# Algorithmic and Human Teaching of Sequential Decision Tasks

I spent much of the last few months preparing for the UC Berkeley EECS PhD
qualifying exams, as you might have been able to tell by the style of my recent
blogging (mostly paper notes) and my lack of blogging for the last few weeks.
The good news is that I passed the qualifying exam. Like I did for my
prelims, I wrote a “transcript” of the event. I will make it public in a
future date. In this post, I discuss an interesting paper that I skimmed for my
quals but didn’t have time to read in detail until after the fact: *Algorithmic
and Human Teaching of Sequential Decision Tasks*, a 2012 AAAI paper by Maya
Cakmak and Manuel Lopes.

This paper is interesting because it offers a different perspective on how to do imitation learning. Normally, in imitation learning, there is a fixed set of expert demonstrations \(D_{\rm expert} = \{\tau_1, \ldots, \tau_K \}\) where each demonstration \(\tau_i = (s_0,a_0,s_1\ldots,a_{N-1},s_N)\) is a sequence of states and actions. Then, a learner has to run some algorithm (classically, either behavior cloning or inverse reinforcement learning) to train a policy \(\pi\) that, when executed in the same environment, is as good as the expert.
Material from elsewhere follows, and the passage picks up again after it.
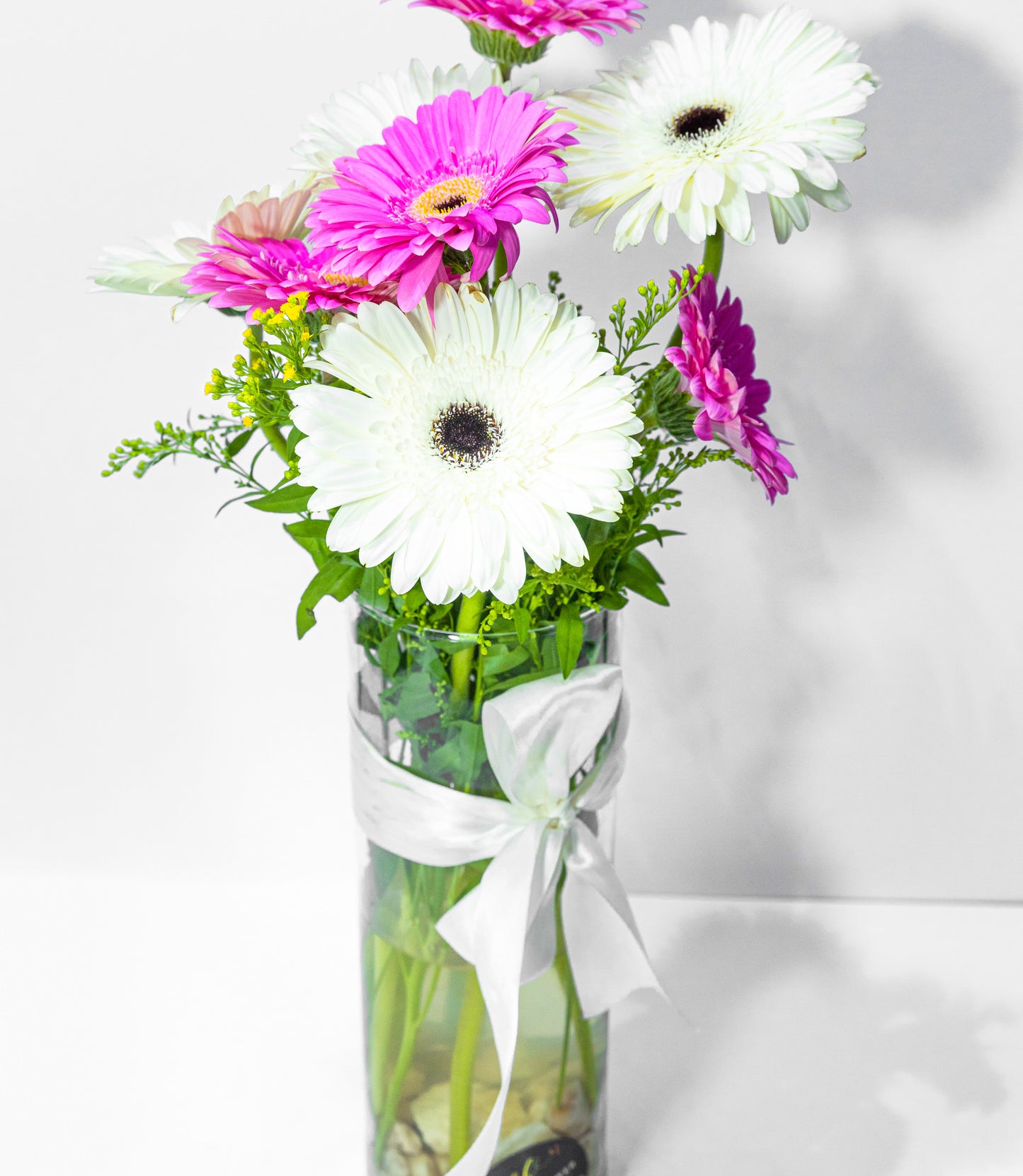 Gentle Grace – Gerbera Arrangement in Tall Vase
In many cases, however, it makes sense that the teacher can select the *most
informative* demonstrations for the student to learn a task. This paper thus falls
under the realm of *Active Teaching*. This is not to be confused with *Active
Learning*, as they clarify here:

A closely related area for the work presented in this paper is Active Learning (AL) (Angluin 1988; Settles 2010). The goal of AL, like in AT, is to reduce the number of demonstrations needed to train an agent. AL gives the learner control of what examples it is going to learn from, thereby steering the teacher’s input towards useful examples. In many cases, a teacher that chooses examples optimally will teach a concept significantly faster than an active learner choosing its own examples (Goldman and Kearns 1995).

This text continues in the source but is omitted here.